• Work instructions: Write out exactly the lines below from the one containing "Majolica-Print Twill Shirt Dress" to the last, both ends kept, and nothing more; skip all pictures.

*** The data ***

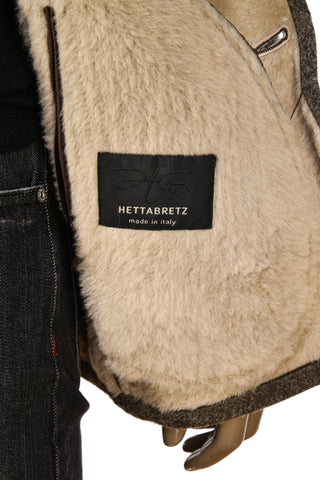 Hettabretz Grey Marled Shearling Overcoat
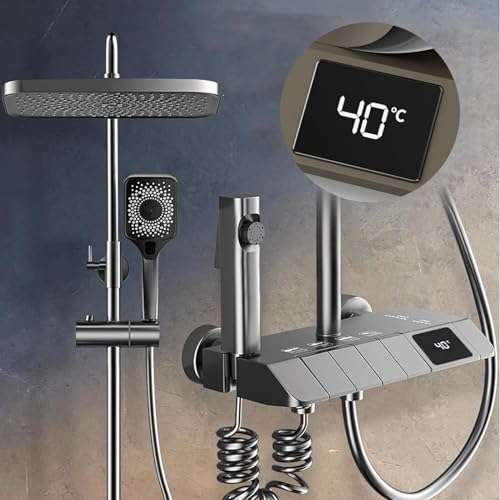 Termostatica Doccia Miscelatore Colonna, Rubinetto Doccetta Sistema con Miscelatore Digitale Display Pianoforte a 4 Funzioni Miscelatori Set per Vasca e spruzzatore per Bagno | Grigio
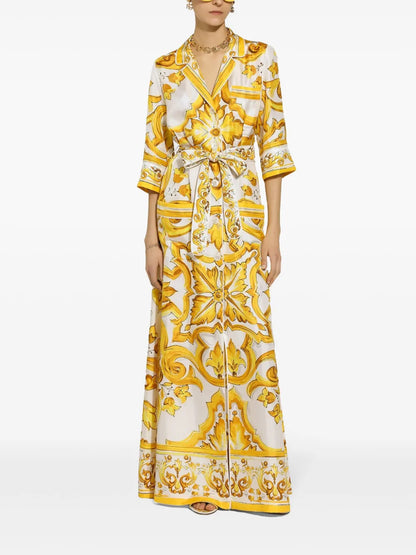 Majolica-Print Twill Shirt Dress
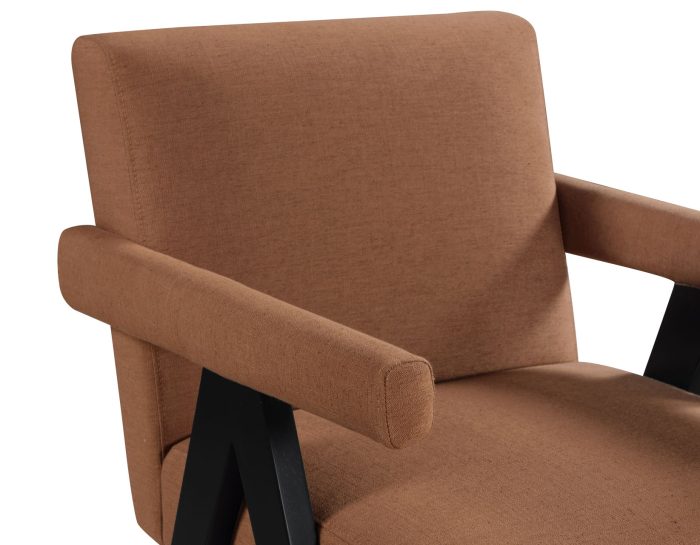 Helen Accent Chair, Rust Fabric with Black Wood Finish - Image 7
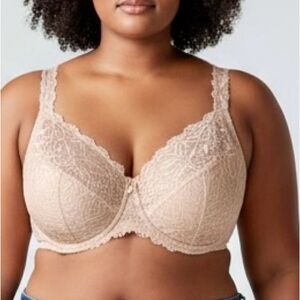 Bali 42DDD NWT‎ Women's Light Lift Lace Bra in Tan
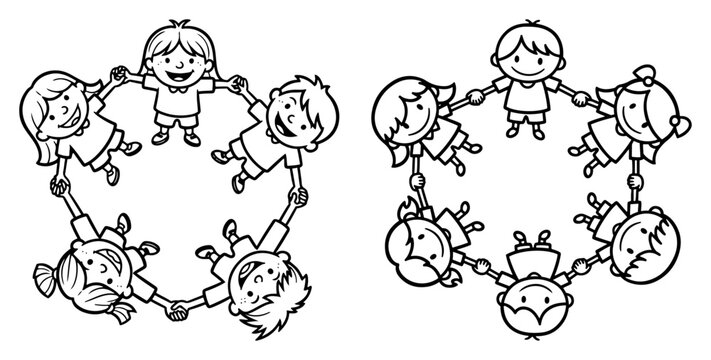 Group of happy children holding hands in a circle representing friendship and unity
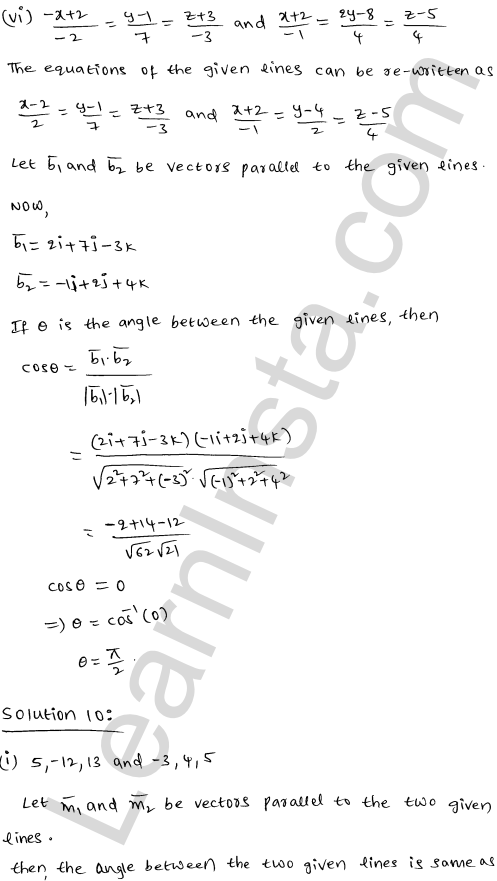 RD Sharma Class 12 Solutions Chapter 28 Straight line in space Ex 28.2 1.10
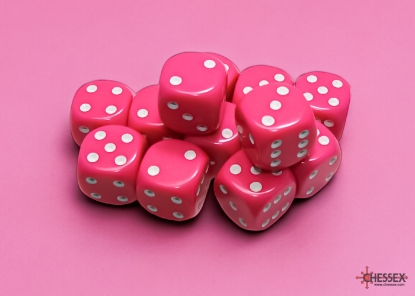 16mm Pink/white Chessex Opaque -DiceEmporium.com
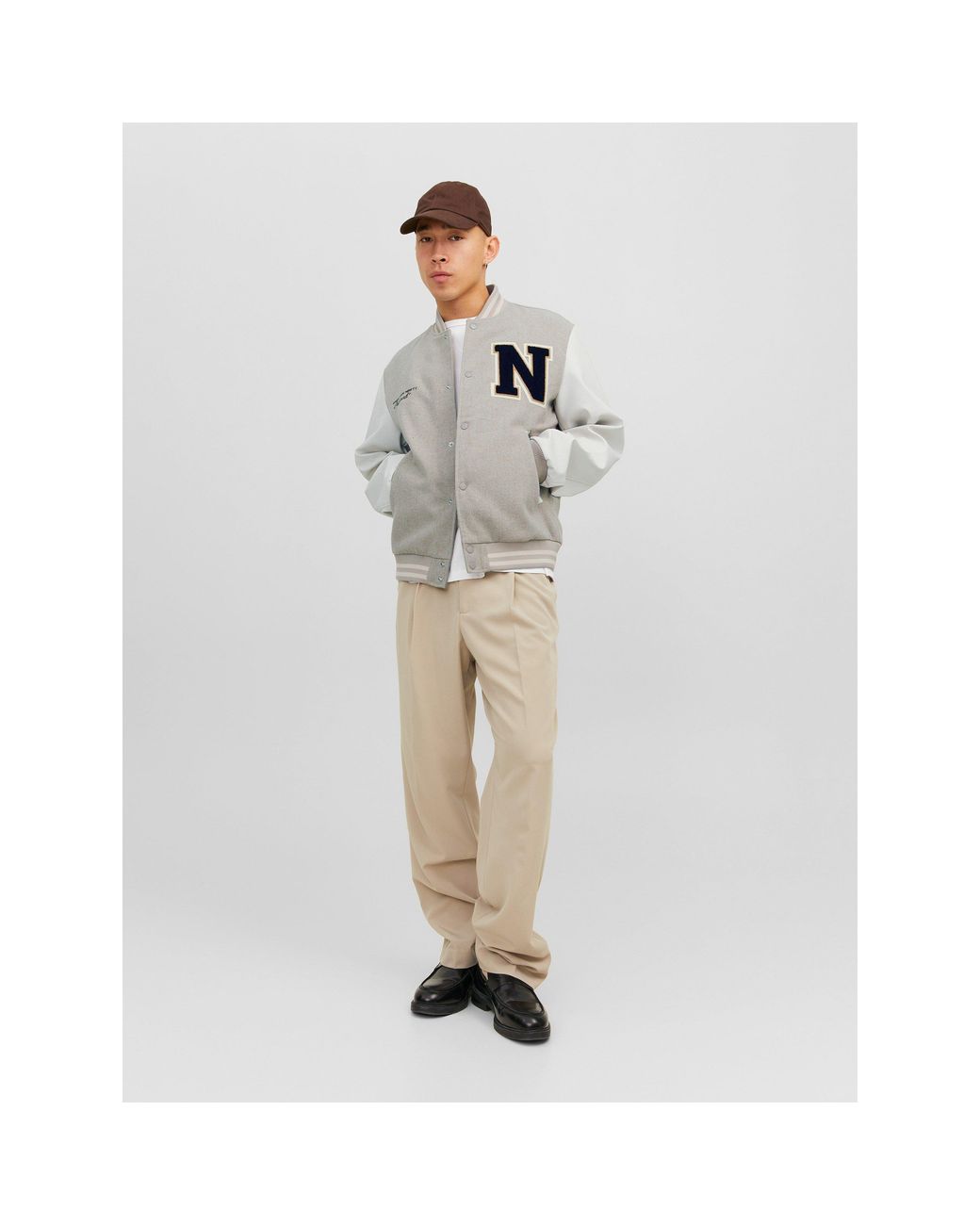 Jack & Jones Gray And College Wool Blend Short Bomber Jacket for men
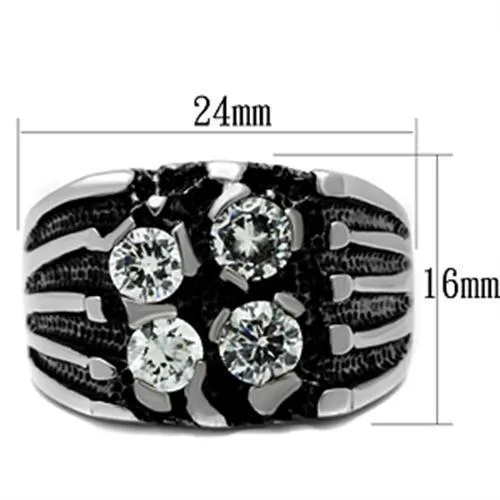 TK366 High polished (no plating) Stainless Steel Ring with AAA Grade CZ in Clear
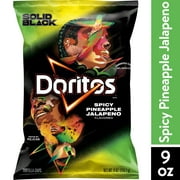 Doritos Solid Black Spicy Pineapple Jalapeño Flavored Tortilla Chips, 9 oz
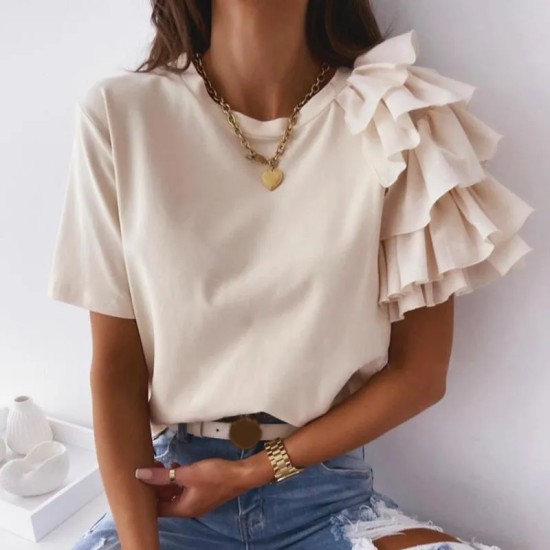 Women Elegant Solid Color Ruffled Short Sleeves Round Neck Loose Summer Blouse Women Elegant Solid Color Ruffled Short Sleeves Round Neck Loose Summer Blouse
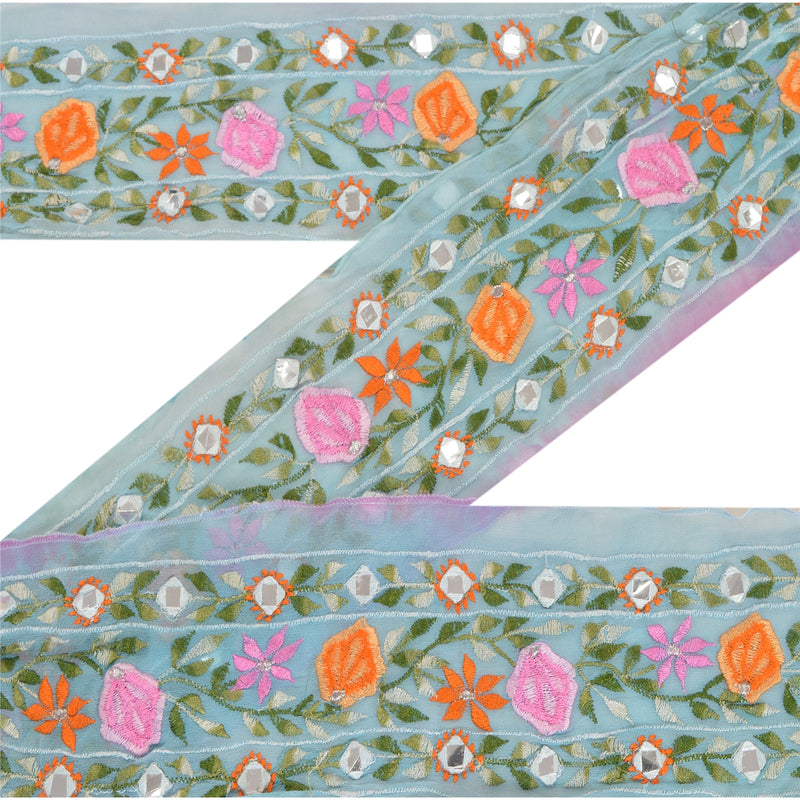 Sanskriti Vintage Sari Border Embroidered 1 Yd Trim Sewing Blue Craft Decor Lace
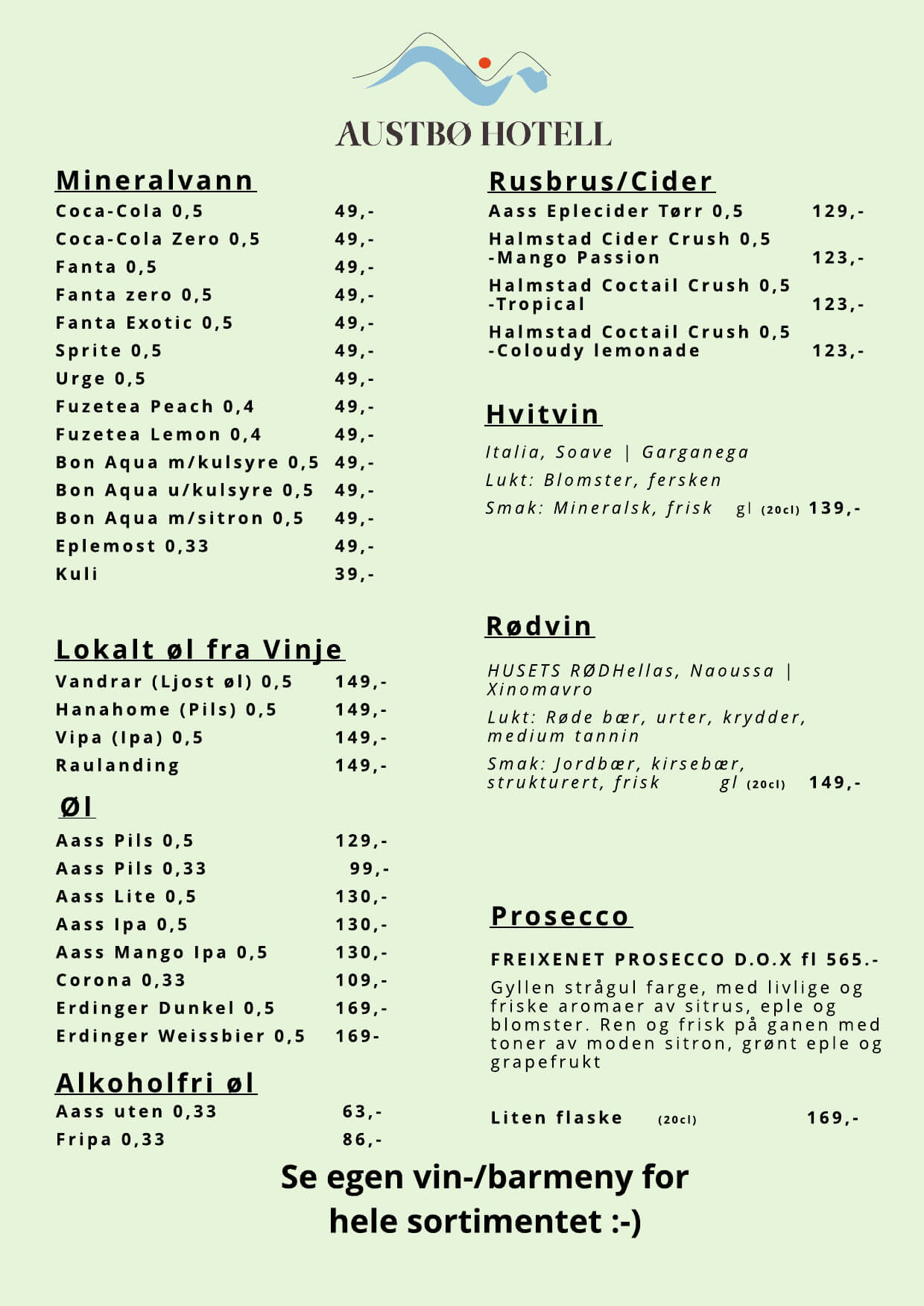 Meny med drikkevarer fra Austbø Hotell, inkludert mineralvann, cider, vin og øl.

***

• Output of the exercise:
 Majolica-Print Twill Shirt Dress
 Helen Accent Chair, Rust Fabric with Black Wood Finish - Image 7
 Bali 42DDD NWT‎ Women's Light Lift Lace Bra in Tan
 Group of happy children holding hands in a circle representing friendship and unity
 RD Sharma Class 12 Solutions Chapter 28 Straight line in space Ex 28.2 1.10
 16mm Pink/white Chessex Opaque -DiceEmporium.com
 Jack & Jones Gray And College Wool Blend Short Bomber Jacket for men
 TK366 High polished (no plating) Stainless Steel Ring with AAA Grade CZ in Clear
 Doritos Solid Black Spicy Pineapple Jalapeño Flavored Tortilla Chips, 9 oz
 Women Elegant Solid Color Ruffled Short Sleeves Round Neck Loose Summer Blouse Women Elegant Solid Color Ruffled Short Sleeves Round Neck Loose Summer Blouse
 Sanskriti Vintage Sari Border Embroidered 1 Yd Trim Sewing Blue Craft Decor Lace
 Meny med drikkevarer fra Austbø Hotell, inkludert mineralvann, cider, vin og øl.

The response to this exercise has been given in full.